>>>>

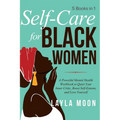 Self Care for Black Women: 5 Books in 1 A Powerful Mental Health Workbook to Quiet Your Inner Critic, Boost Self-Esteem, and Love Yourself
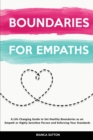Image for Boundaries For Empaths : A Life Changing Guide to Set Healthy Boundaries as an Empath or Highly Sensitive Person and Enforcing Your Standards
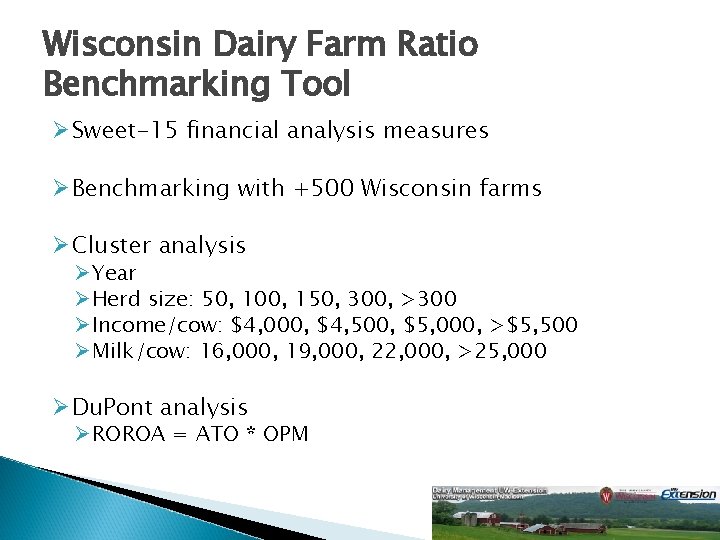 Wisconsin Dairy Farm Ratio Benchmarking Tool Ø Sweet-15 financial analysis measures Ø Benchmarking with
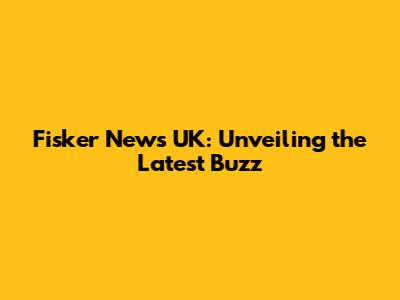 Fisker News UK: Unveiling the Latest Buzz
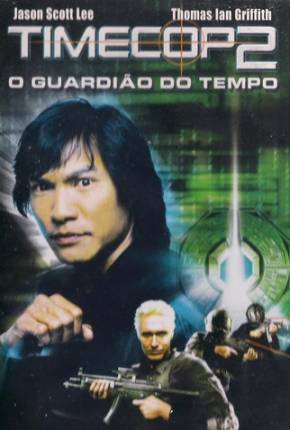 Timecop 2: O Guardião do Tempo (Tetra Áudio) 2003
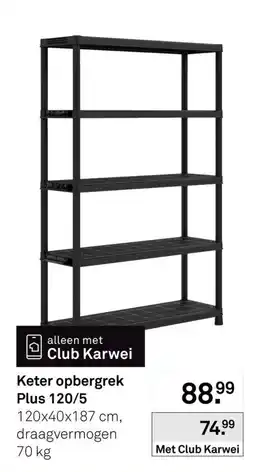 Karwei Keter opbergrek Plus aanbieding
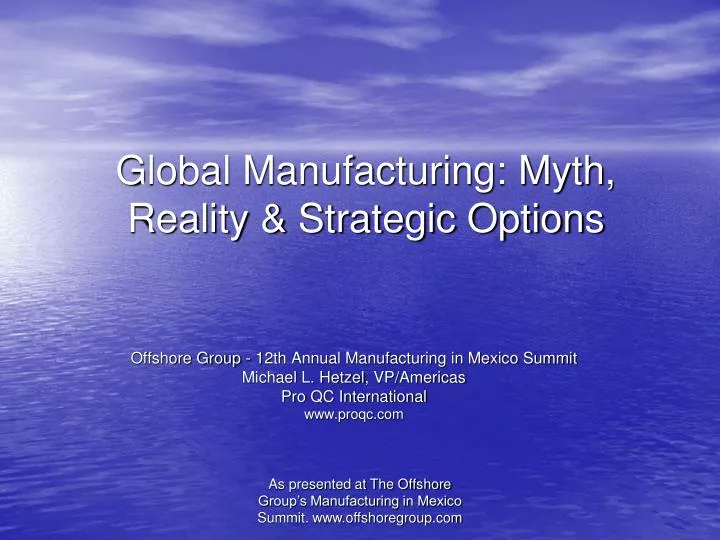 global manufacturing myth reality strategic options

<<<<

• _EXERCISE AIM_: Could you write out exactly the lines from the line containing "Wisconsin Dairy Farm" to the end of the material, and nothing else? No pictures belong in the copy.

• _OUTPUT FOR THIS EXERCISE_:
 Wisconsin Dairy Farm Ratio Benchmarking Tool Ø Sweet-15 financial analysis measures Ø Benchmarking with
 Fisker News UK: Unveiling the Latest Buzz
 Timecop 2: O Guardião do Tempo (Tetra Áudio) 2003
 Karwei Keter opbergrek Plus aanbieding
 global manufacturing myth reality strategic options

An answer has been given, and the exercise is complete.